═══ RECORDED DATA
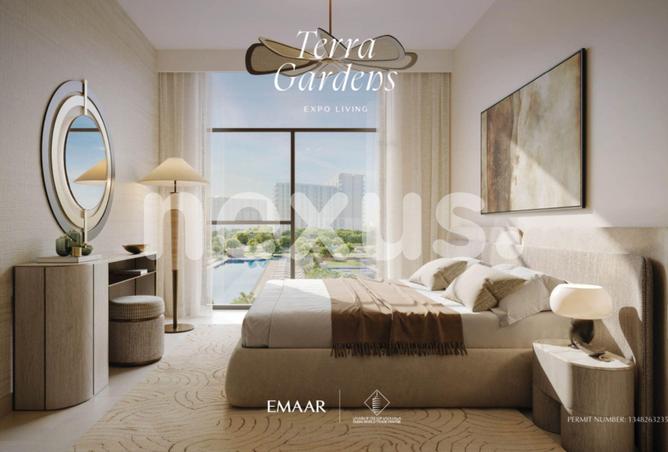 16068043 - صورة العقار 3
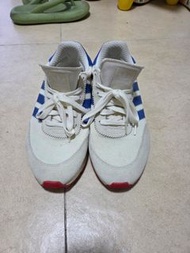 Adidas I-5923 運動鞋 US 8.5
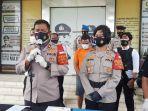 wakapolres-tangsel-kompol-stephanus-luckyto.jpg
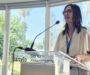 La UPO comparte sus proyectos de transformación digital e inteligencia artificial en el Foro Tecnológico @aslan 2026
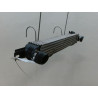 ECHANGEUR AIR PEUGEOT BIPPER FG 2008-...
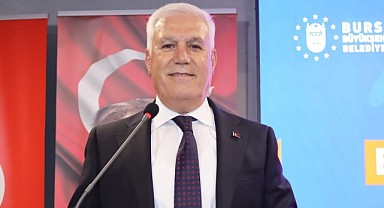 Başkan Bozbey: “Her Bir Çalışanımız Bizim İçin Değerli”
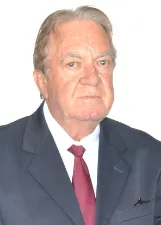 RENATO RUBLESKI ZIQUINATTI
══════
An exact restatement of the lines from the one holding "ECHANGEUR AIR PEUGEOT BIPPER FG 2008-..." through the end of the entries, both ends included, is the whole answer. Pictures stay out.

 ECHANGEUR AIR PEUGEOT BIPPER FG 2008-...
 Başkan Bozbey: “Her Bir Çalışanımız Bizim İçin Değerli”
 RENATO RUBLESKI ZIQUINATTI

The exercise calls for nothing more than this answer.